» **WHAT TO PRODUCE**: The answer must consist solely of the lines from the line with "Set Porta Accessori" to the end of the data below, transcribed exactly and with no pictures.

---- INPUT RECORDS

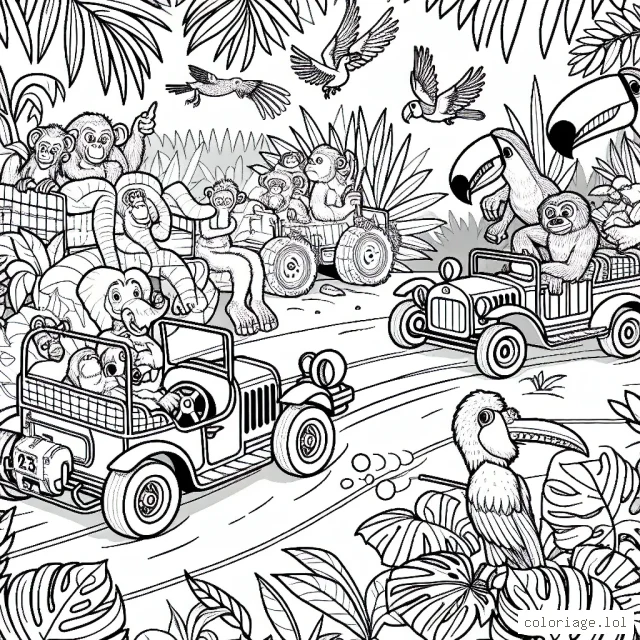 Une course de voitures surprenante au milieu de la jungle, avec des animaux exotiques comme spectateurs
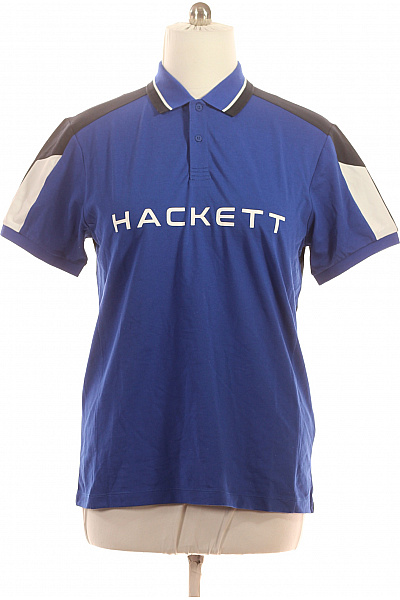 HACKETT Polo Tričko Modré Sportovní S Nápisem Krátký Rukáv Vel. L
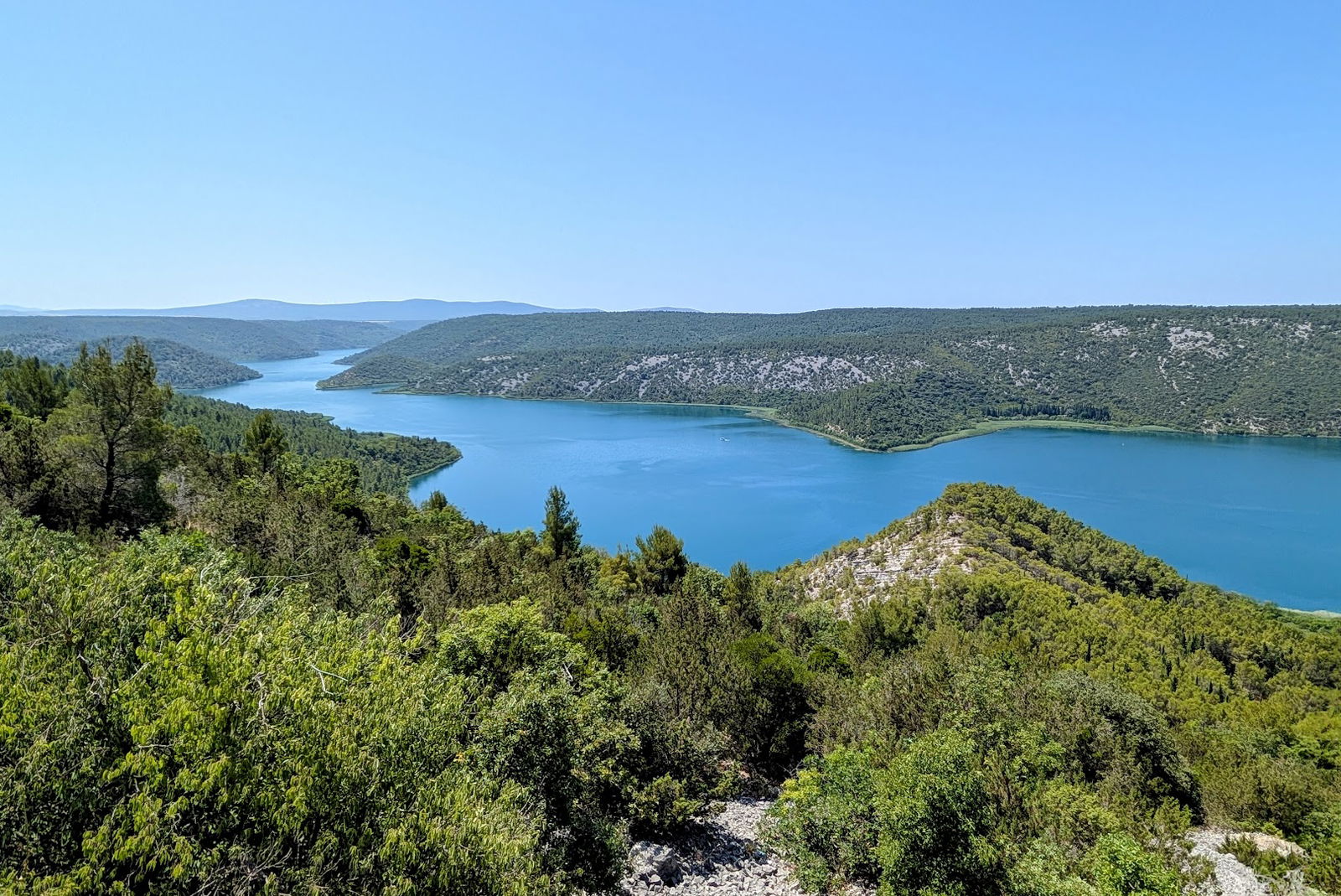 Visovac Monastery Viewpoint at Croatian King Petar Svačić Statue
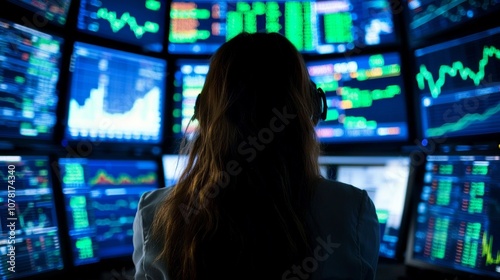 A female trader analyzing financial data on multiple screens in a modern trading environment. photo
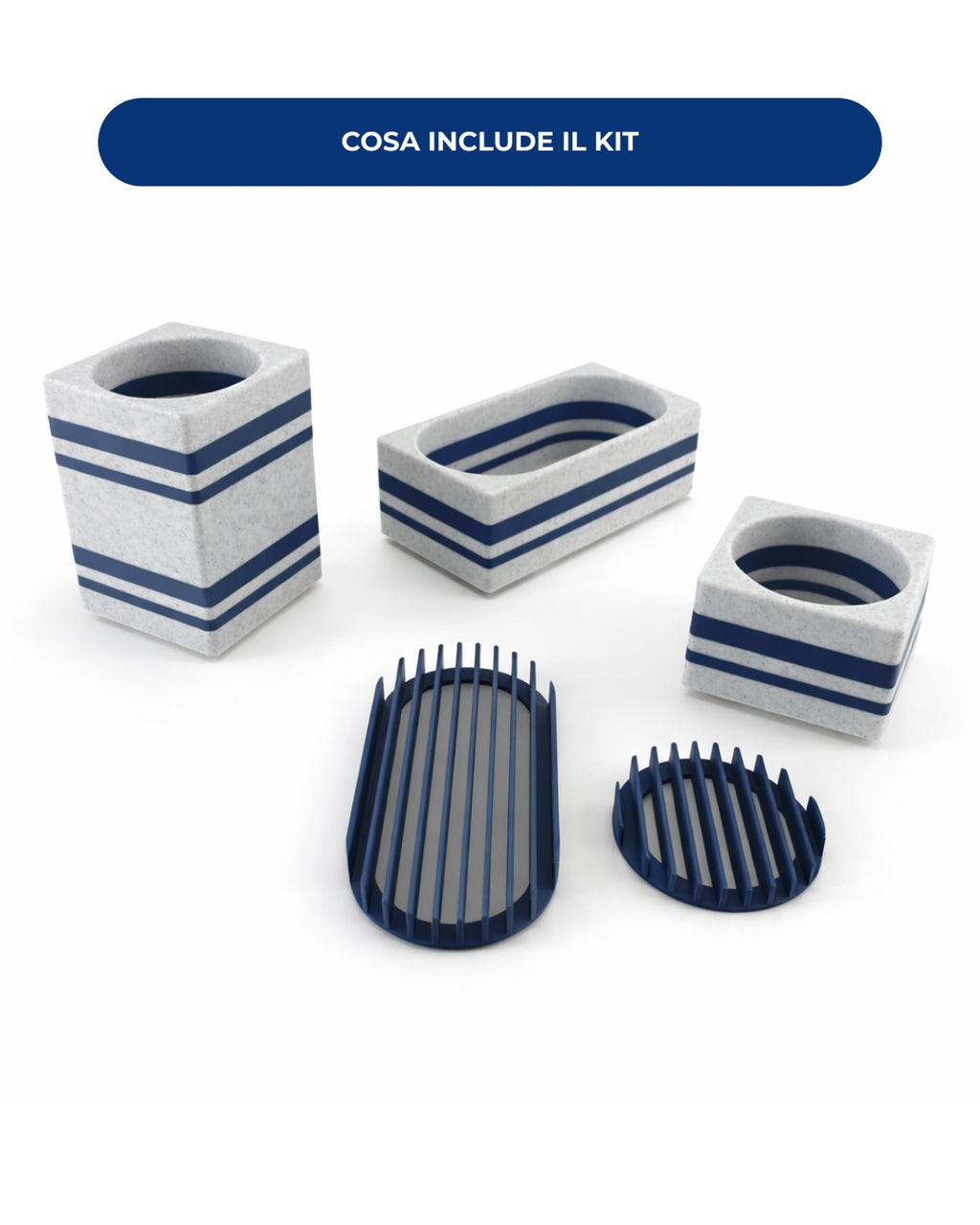 Set Porta Accessori Bagno Brutus Stampato 3D | Design Modulare | Printable Objects
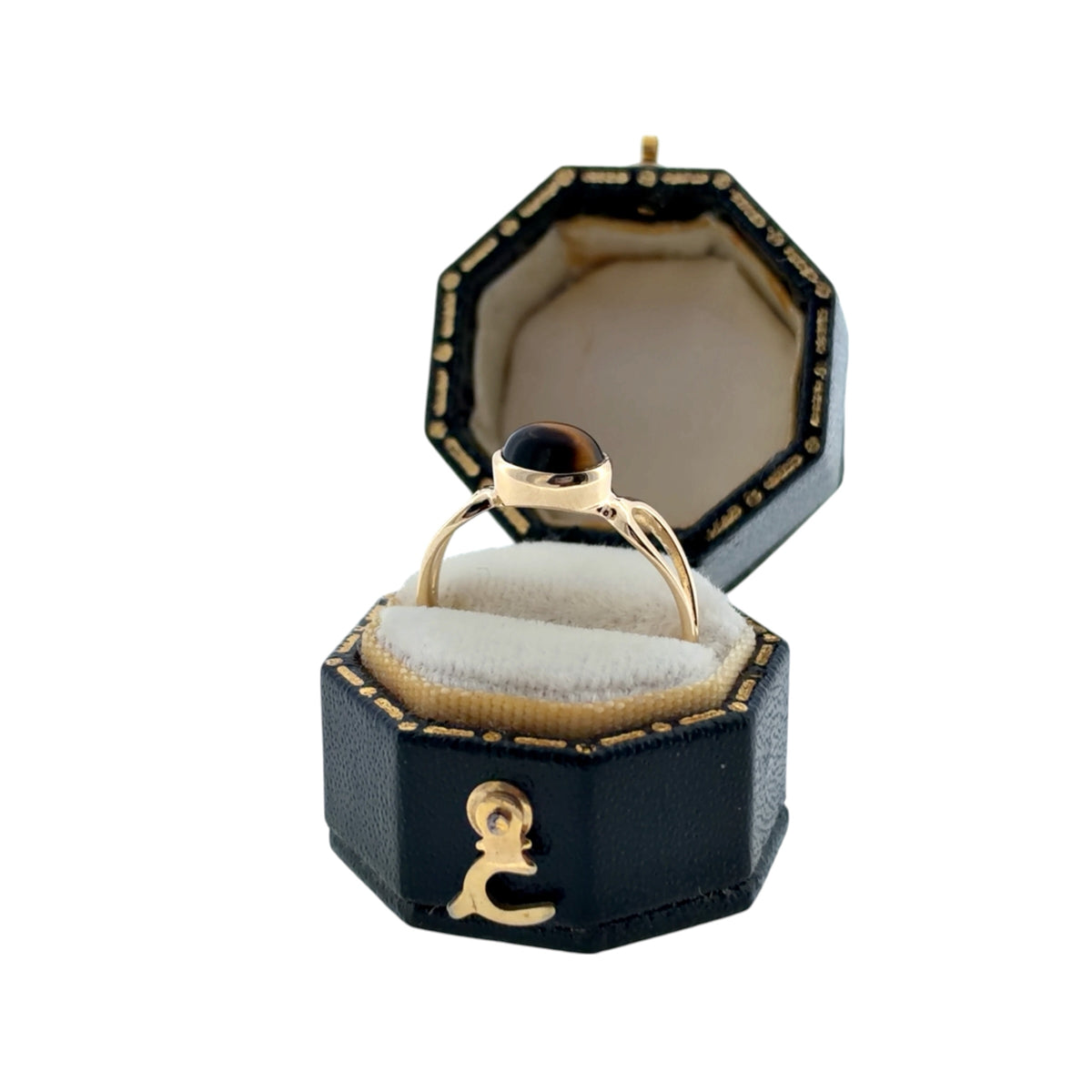 Vintage 9ct Gold Tigers Eye Ring – Sheffield 1980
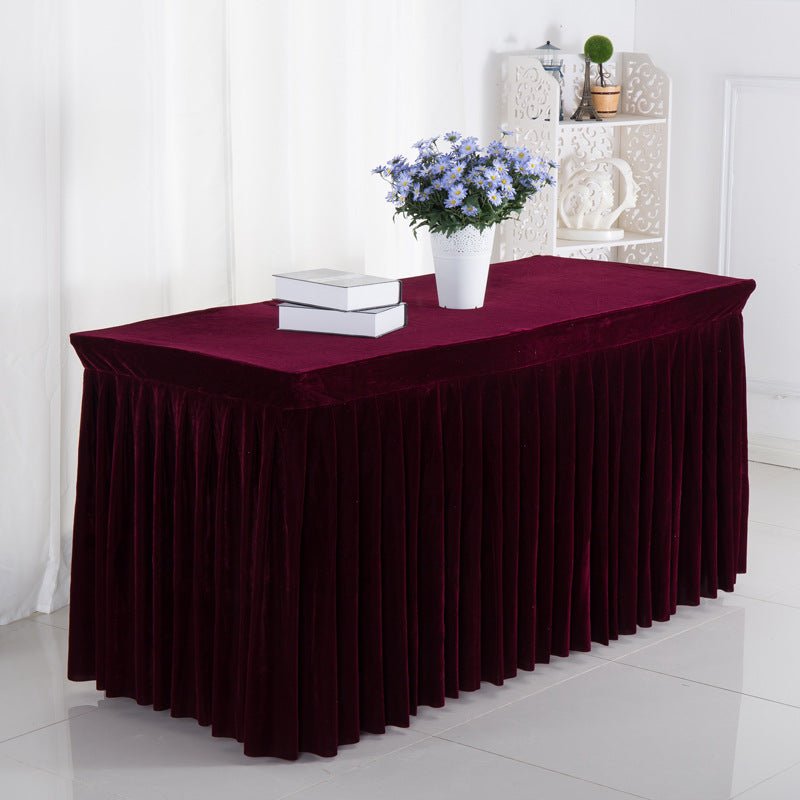 Velvet Rectangular Table Skirt 70"x23"x29" Deep Red - YauSpark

--------

» **YOUR SOLUTION**:
 Set Porta Accessori Bagno Brutus Stampato 3D | Design Modulare | Printable Objects
 Vintage 9ct Gold Tigers Eye Ring – Sheffield 1980
 Velvet Rectangular Table Skirt 70"x23"x29" Deep Red - YauSpark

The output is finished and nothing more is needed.